> _Given data_:
────────

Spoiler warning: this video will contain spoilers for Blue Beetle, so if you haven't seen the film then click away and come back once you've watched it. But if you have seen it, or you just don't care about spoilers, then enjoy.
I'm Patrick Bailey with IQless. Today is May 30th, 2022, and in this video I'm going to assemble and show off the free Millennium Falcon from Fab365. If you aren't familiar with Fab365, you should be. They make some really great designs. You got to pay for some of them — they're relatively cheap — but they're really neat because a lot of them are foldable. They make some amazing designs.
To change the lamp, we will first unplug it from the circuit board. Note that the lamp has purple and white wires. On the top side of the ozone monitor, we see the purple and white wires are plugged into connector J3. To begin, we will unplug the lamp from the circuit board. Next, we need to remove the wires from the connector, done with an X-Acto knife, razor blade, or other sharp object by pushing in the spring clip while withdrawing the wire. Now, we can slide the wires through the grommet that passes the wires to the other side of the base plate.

────────

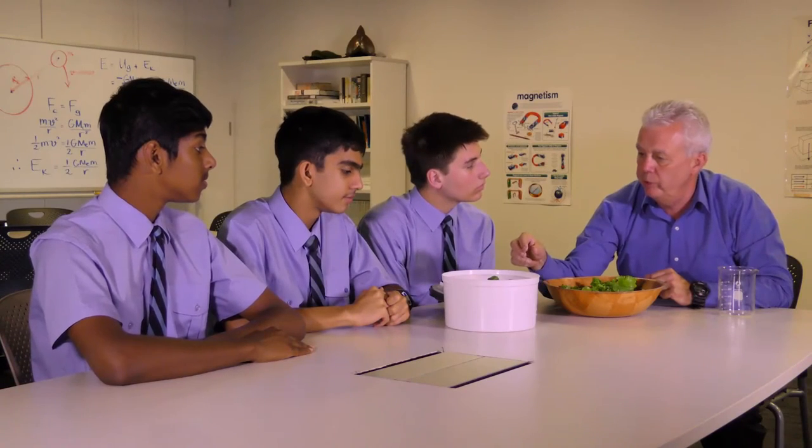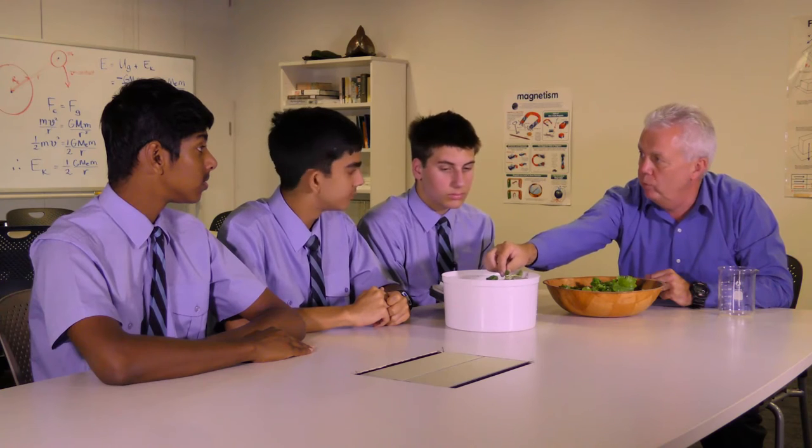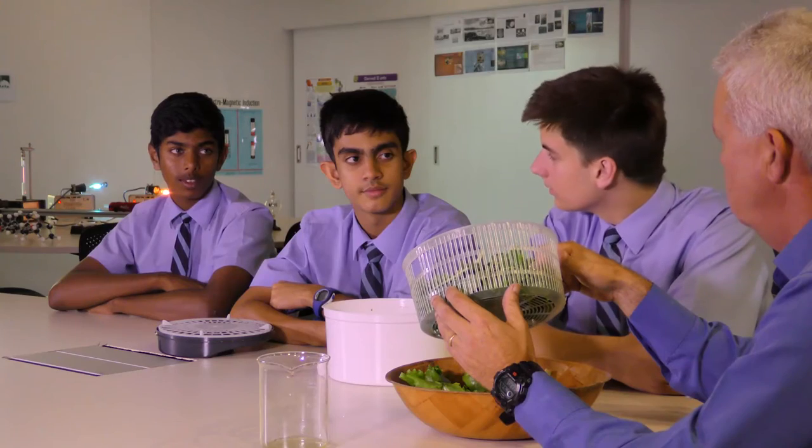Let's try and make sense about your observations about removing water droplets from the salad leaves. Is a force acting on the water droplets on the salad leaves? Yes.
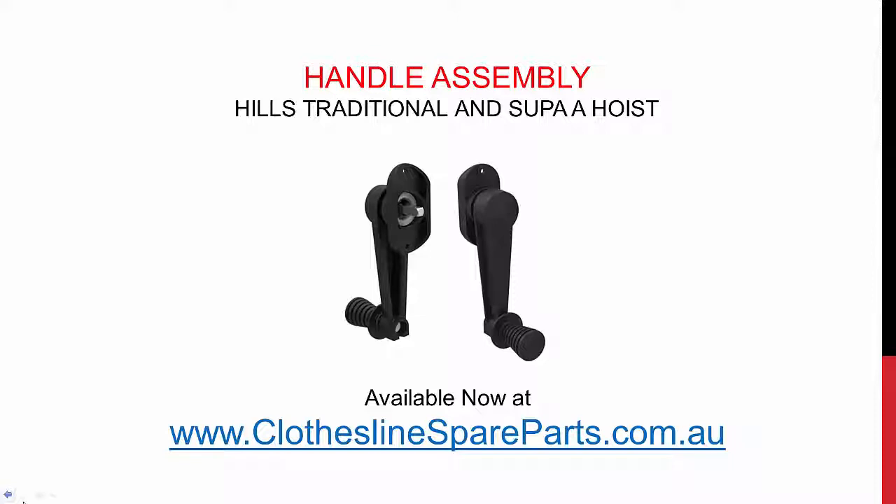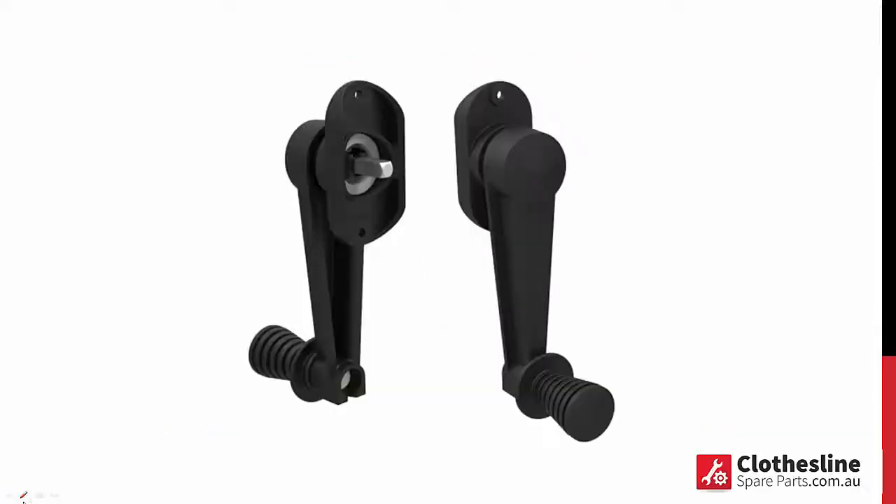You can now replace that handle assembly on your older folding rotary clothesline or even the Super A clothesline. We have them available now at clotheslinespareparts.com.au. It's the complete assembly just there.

────────

> _Aim of the task_:
Using the records above, write out exactly the lines between the one holding "Spoiler warning: this" and the one holding "To change the", inclusive; leave everything else out.

> _Response to the exercise_:
Spoiler warning: this video will contain spoilers for Blue Beetle, so if you haven't seen the film then click away and come back once you've watched it. But if you have seen it, or you just don't care about spoilers, then enjoy.
I'm Patrick Bailey with IQless. Today is May 30th, 2022, and in this video I'm going to assemble and show off the free Millennium Falcon from Fab365. If you aren't familiar with Fab365, you should be. They make some really great designs. You got to pay for some of them — they're relatively cheap — but they're really neat because a lot of them are foldable. They make some amazing designs.
To change the lamp, we will first unplug it from the circuit board. Note that the lamp has purple and white wires. On the top side of the ozone monitor, we see the purple and white wires are plugged into connector J3. To begin, we will unplug the lamp from the circuit board. Next, we need to remove the wires from the connector, done with an X-Acto knife, razor blade, or other sharp object by pushing in the spring clip while withdrawing the wire. Now, we can slide the wires through the grommet that passes the wires to the other side of the base plate.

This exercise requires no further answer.